### TASK GOAL
Using the data below, return word for word every line from the one holding "Profi Padló Lábtörlő, Impression" down to the one holding "H - geprägtes". Leave pictures out.

### EXCERPTED RECORDS
_ _ _

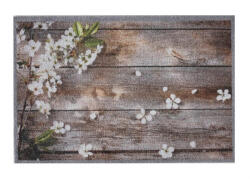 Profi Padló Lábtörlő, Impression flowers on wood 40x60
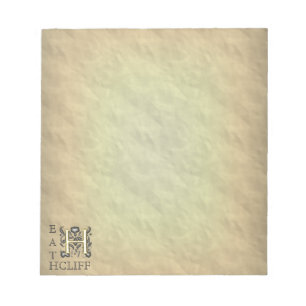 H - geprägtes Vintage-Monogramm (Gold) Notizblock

_ _ _

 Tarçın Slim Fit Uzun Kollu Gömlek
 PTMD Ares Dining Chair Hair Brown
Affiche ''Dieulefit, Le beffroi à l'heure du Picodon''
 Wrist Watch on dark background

_ _ _

### ANSWER FOR THE TASK
 Profi Padló Lábtörlő, Impression flowers on wood 40x60
 H - geprägtes Vintage-Monogramm (Gold) Notizblock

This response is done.